In 1919 a Dutchman, Hugo Alexander Koch patented an invention which, in his own words, was a sort of secret writing machine. It was described in the patent "that steel wires on pulleys, levers, rays of light, or air, water, or oil flowing through tubes could transmit the enciphering impulse as well as electricity did" (Garlinski 9). Koch gave a great many other details about the machine, but he did not build this machine along those lines. Koch built the machine because he believed that it had some commercial value. So he set up a company under the name of the patent.

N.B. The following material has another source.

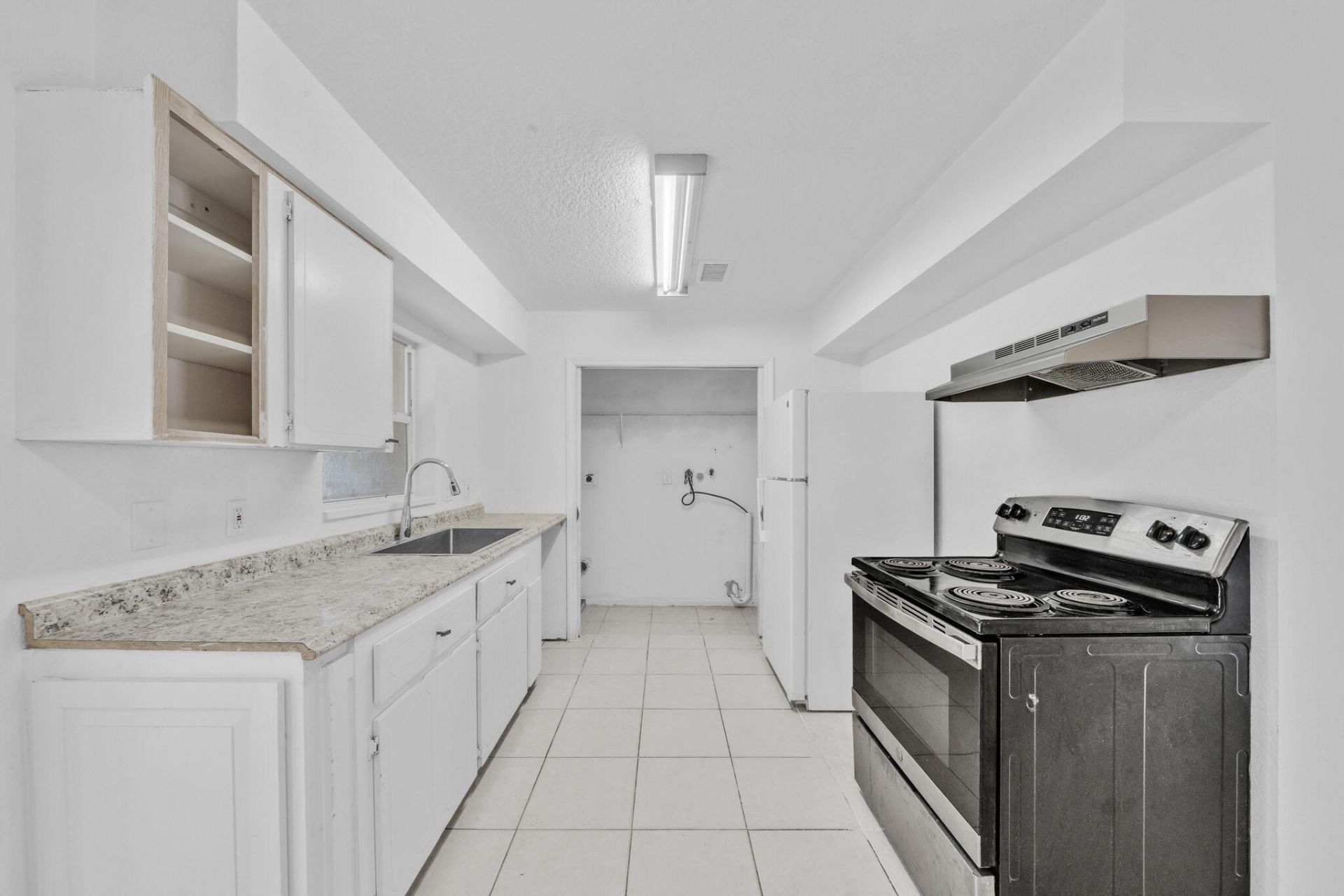5802 Orange Road, West Palm Beach, FL 33413 Photo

About three months later, an engineer named Arthur Scherbius was carrying out various experiments on this new machine and others like it. He determined that this machine was rather large and clumsy, sort of like a typewriter or a cash register. They were operated by electricity and worked on a rotor system. But even still, Scherbius was so very excited about the possibilities of this new rotor-ran encryption machine that he recommended it to the scientific director of the Institute of Criminology in Vienna, Dr. Siegfried Türkel. Türkel in turn wrote positively at length about the new machine.

During the next few years, the machine went through many fundamental changes as a result of the buying of Koch's patent. Koch's company started an extensive advertizing campaign in hopes of attracting large firms with hopes that they would buy it for commercial purposes. However, it did not meet with success; back in those years, industry was very unwilling to incur the considerable costs that came with purchasing something that would preserve their trade secrets. A brighter side appeared on the horizon in 1926, when the German navy, still small because of the Treaty of Versailles, began to take an interest in the machine. The high German naval ranks contacted the Berlin company and bought one machine. After careful study of the complicated mechanism it was decided that the machine would be brought into use the same year, and hence, a great number of them were ordered. And then in 1929, the German army, still small, but with great promise, followed the navy and decided that the machine would serve its purpose as well.

The machine continued to be offered on the open market. This was done most likely on purpose, for if advertising and sales had suddenly ceased, expert circles and foreign intelligence would surely have noticed. And the purchasing of the encryption machines by the Germans was made in the greatest secrecy.

Now it was certain that the machine would have a fine career, but it was still too early to know that history would associate it with one of the greatest secrets of the Second World War.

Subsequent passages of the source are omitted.